Yes, I found that re article re Higdon v P&D interesting reading BUT I wasn't surprised. JF50, for Chester training, I actually ran my long runs too fast and ran a 20.5 miler at 8:35m/m! I raced them, left my marathon on the road. Guess what, come the day of the race, I burned out mile 21-22 and dropped down to 9ish minute miles for final few miles. I didn't have enough time on my feet. I learned big time from that. Novice error, a lot of people (myself included!), especially ones who aren't running mega fast marathons (3:54 for me at Chester so pretty average time), run at race pace because, 9m/m is pretty much easyish pace to them. However, there was still nearly an hour for me to run and my legs just struggled to do it. I am thinking, I will be making my long runs nearly 3:30-3:40 in time, the distance might go over 22 miles slightly but I believe, me knowing I can run that long, is mentally a bonus. At the moment, my medium length runs are 40-60 secs slower than my "intended race pace". I really have had to discpline myself to slow, put the ego in a box. Hopefully, I am doing the right thing! I will probably run my long runs (16 mile plus) slower at the start then push a bit nearer to 9m/m for final 5-6 miles but still only adding MRP in when told to by P&D.

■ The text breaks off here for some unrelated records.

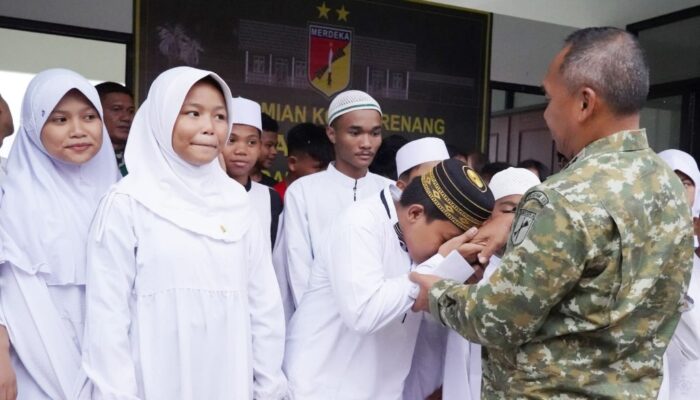 Pererat Tali Silaturahmi, Mayjen Mirza Buka Puasa Bersama Anak Yatim di Tateli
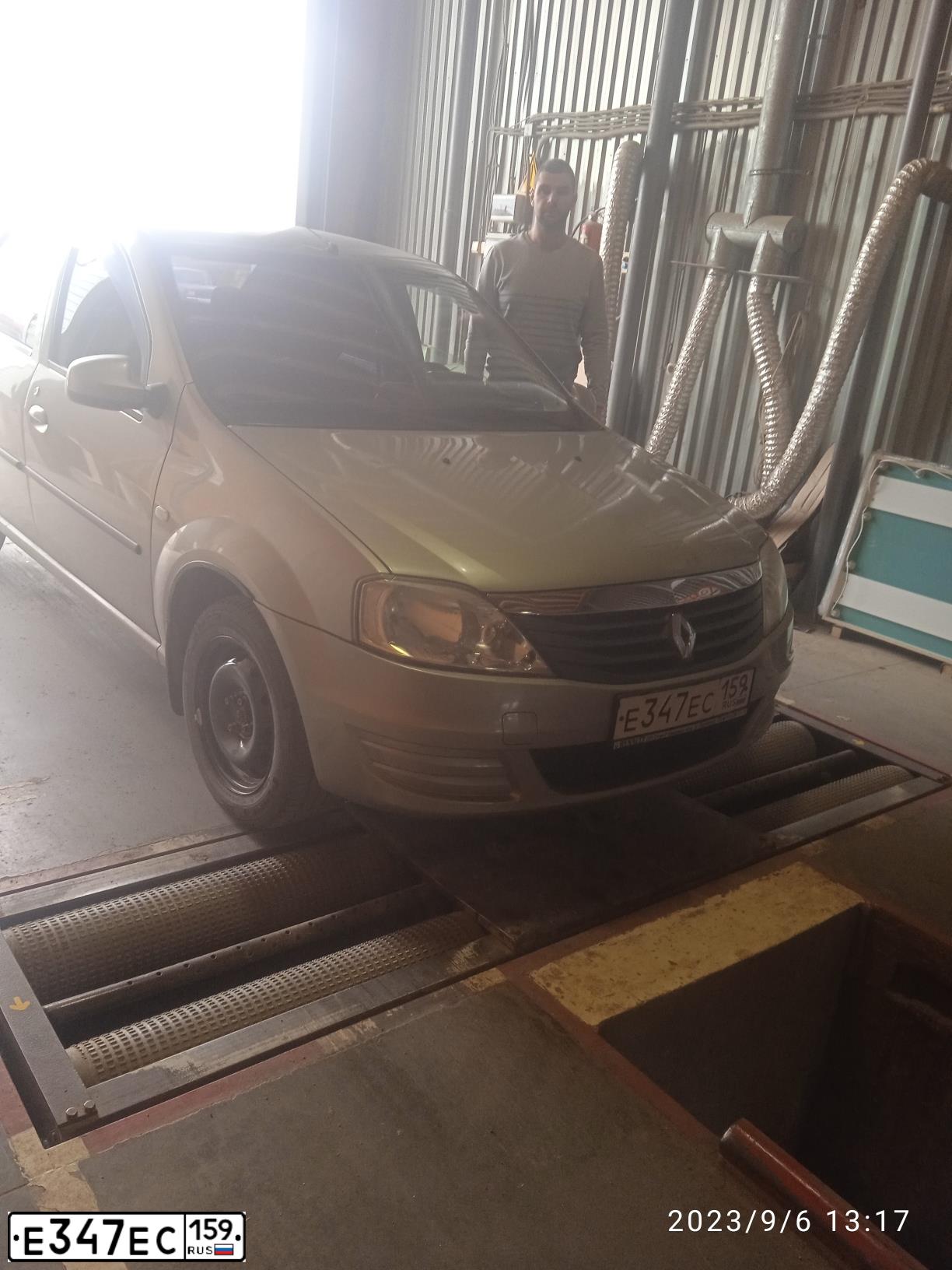 Фото автомобиля RENAULT LOGAN, 2013 — госномер Е347ЕС159. Цвет: БЕЖЕВЫЙ
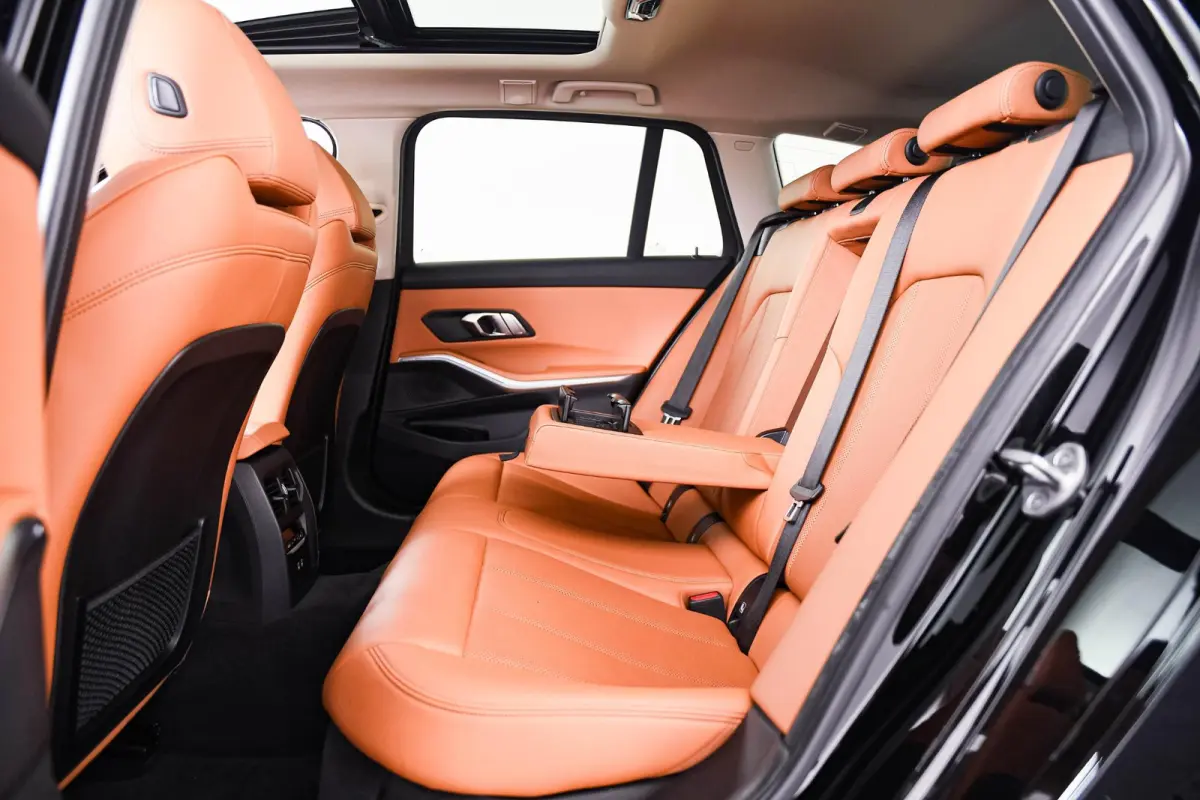 320e Luxury Line - Trekhaak - Panoramadak - Active Cruise Control - Stuurwielrand verwarmd - Elektrisch verstelbare/verwarmde stoelen - Geluiddempende/Getinte ruiten - Parking Assistant -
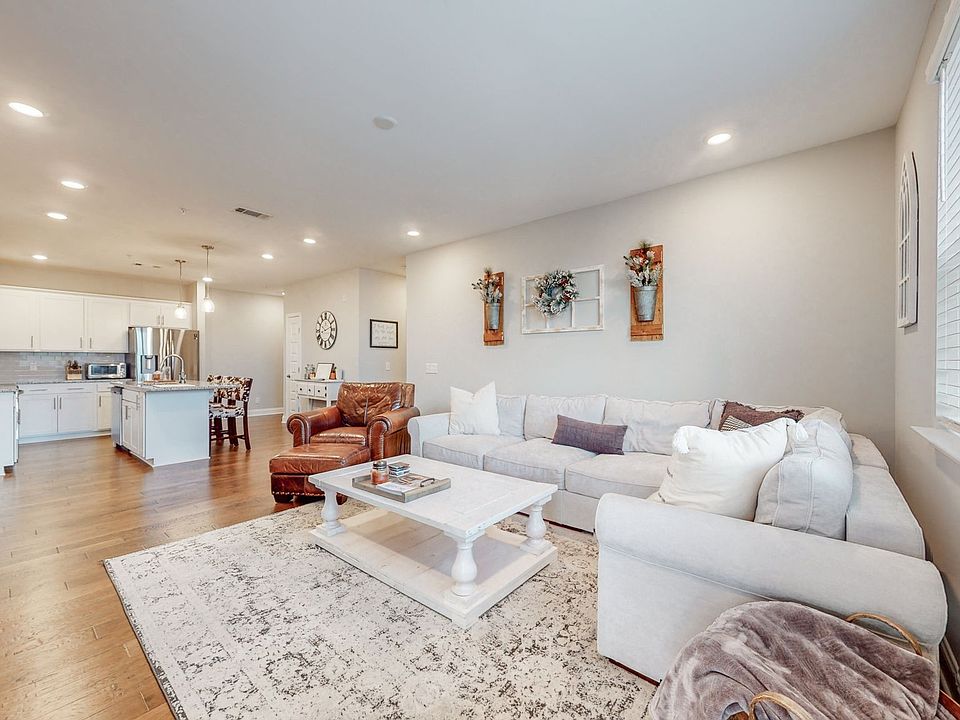 1st image of 900 Vintage Green Ln #206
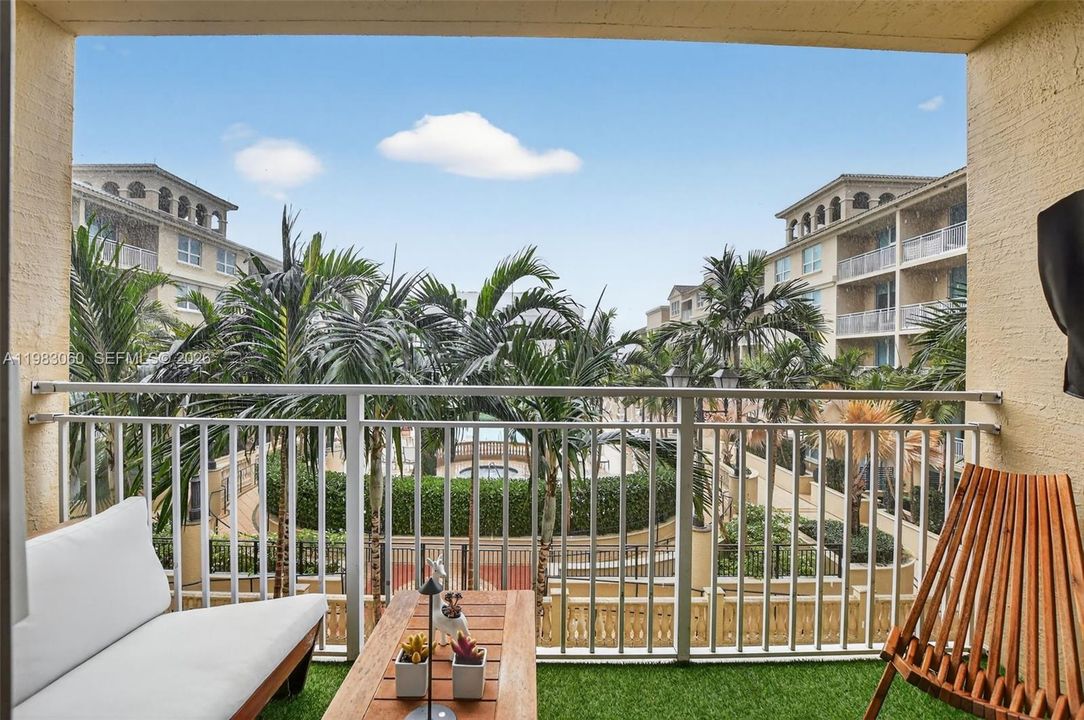 Activo con contrato: $699,999 (1 camas, 1 baños, 890 Pies cuadrados)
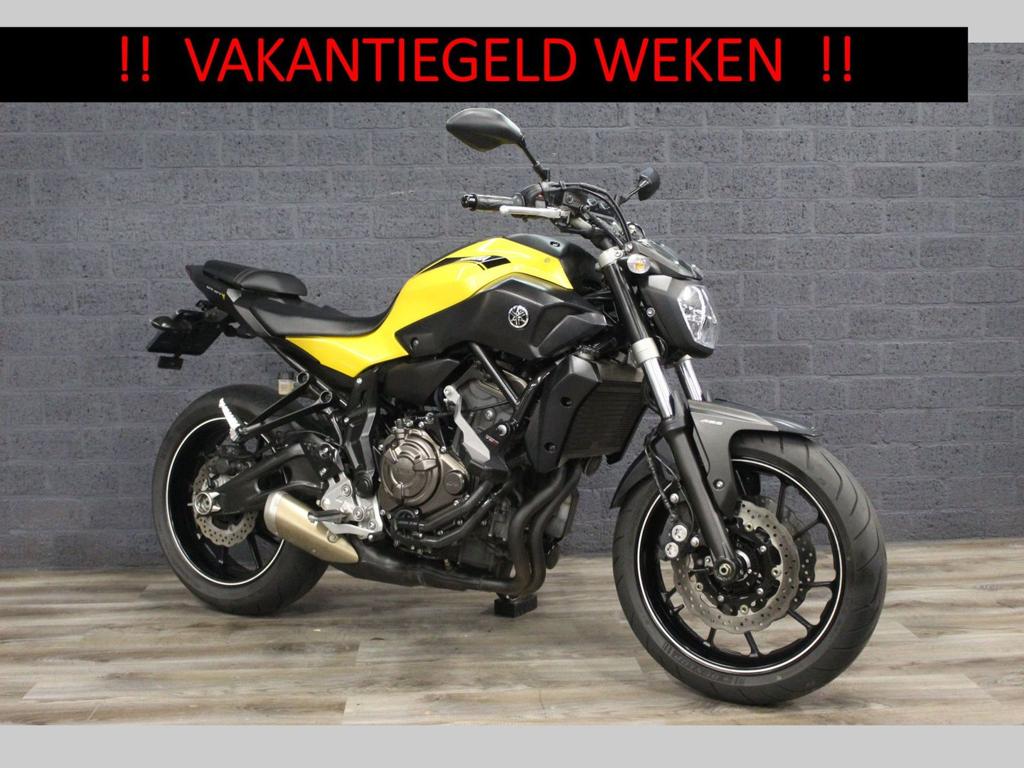 YAMAHA MT 07 ABS (bj 2015)Retro Geel 35KW A2 mogelijk, 2 cilinders, Bedrijf, Onbekend, YAMAHA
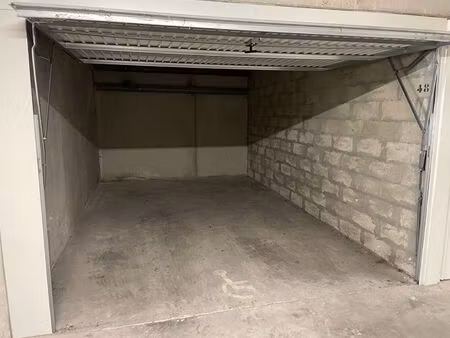 garage ferme la duranne le patio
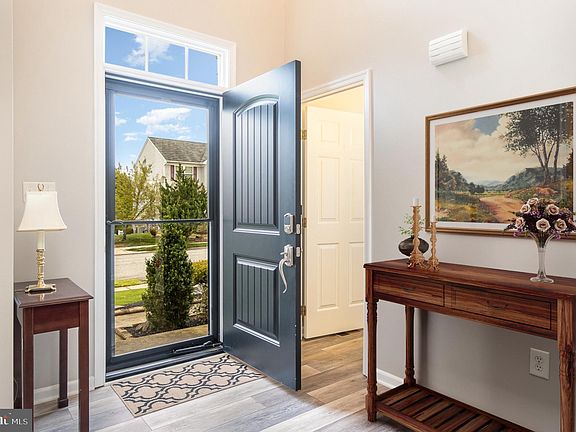 4th image of 203 Branch Brook Ct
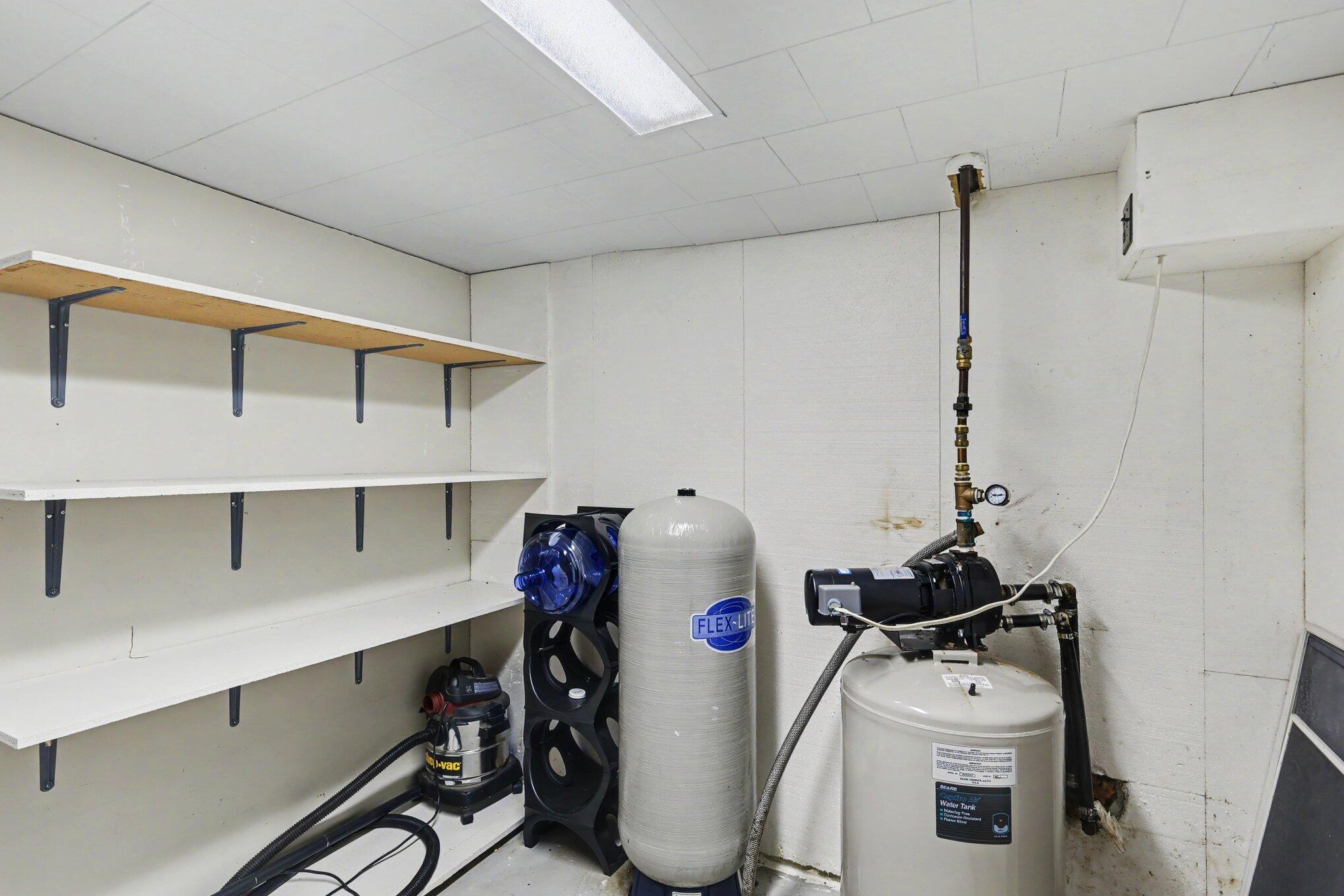 3604 Clinton Way Jackson, MI 49201 - Photo 21 of 30 017_file_3800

Welcome back 15! Yep, I agree, will be screaming at me in few weeks, good that they feel ok so far though, probably means I can cope with the extra miles. I was thinking, if I ran 180 miles in December, bit less in November then to do over 200 miles in January is ok anyway. It is only upping mileage by a bit more than 10%.
Ten - great work! Hope you are pleased with yourself! I love the fact you are going for this plan, will be very interesting to see well you do. I think, you will be surprised and notice a big change to your perceived marathon race pace by the end.